Termal devremülkler talep görecek
Orta vadede şirketlerin sağlık ve termal ürünleri bir arada bulunduran devremülk projelerinin ciddi derecede talep göreceğini söyleyen Altıntaş, “Özellikle Avrupa’da sağlık fonlarının termal tedaviyi karşılaması ciddi bir finans akışı sağlıyor. Ne yazık ki Türkiye olarak devremülk satışında Avrupalı müşterileri biraz üzdük geçmişte. Bu noktada İskandinav pazarı kısmen daralmış durumda. Rusya ve Doğu Avrupa kanadı söz konusu Pazar için daha uygun gözükmekte.
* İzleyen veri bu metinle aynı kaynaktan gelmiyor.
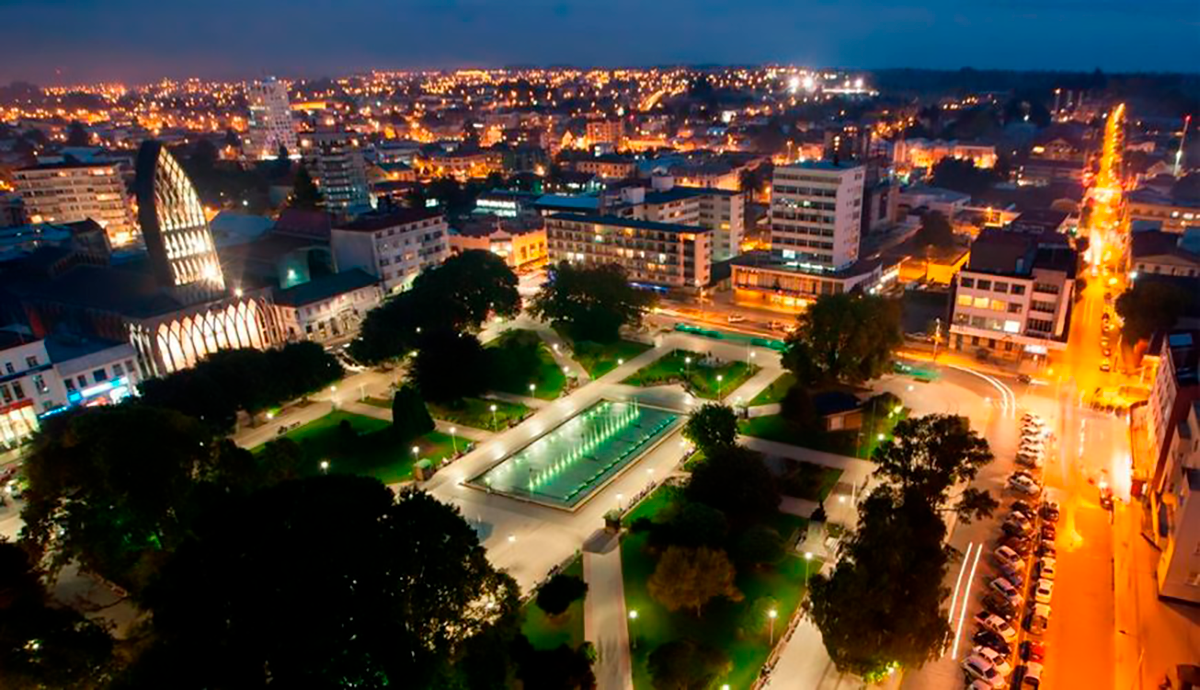 Municipios de la provincia de Osorno recortarán recursos para eventos y ferias por alza de gastos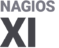 Nagios XI - Easy Network, Server Monitoring and Alerting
Dönemsel kiralamada yaz ve bahar ayları özellikle nitelikli ve eşyalı konut pazarı için önemli burada. Esas sıkıntı şehir merkezinde uygun fiyatlı ve nitelikli bina bulmakta. Tabii yurt dışından bakıldığında en önemli konu toplu taşımaya olan yakınlık. Ne yazık ki İstanbul bu açıdan çok çok gerilerde” diyor.
İstanbul’un ikon binası olacak
Ünal İnşaat’ın Bağdat Caddesi’nde henüz proje aşamasında olan bir ofis projesi de bulunuyor. 2 bin 600 metrekare arsa üzerinde 6 bin metrekare inşaat alanına sahip bir proje olacağını söyleyen Altıntaş, “Yapıldığı zaman İstanbul’un simge binası olacak” diyor. Bir diğer projesi İkitelli’de inşa ediliyor. Bu projenin daha önce iki fazı tamamlandı. Bu yıl içinde diğer iki fazın inşaatına başlanacak. Biri 19 bin metrekare, diğeri ise 18 bin metrekare alan üzerinde yükselecek ve bu yılın sonunda teslim edilecek.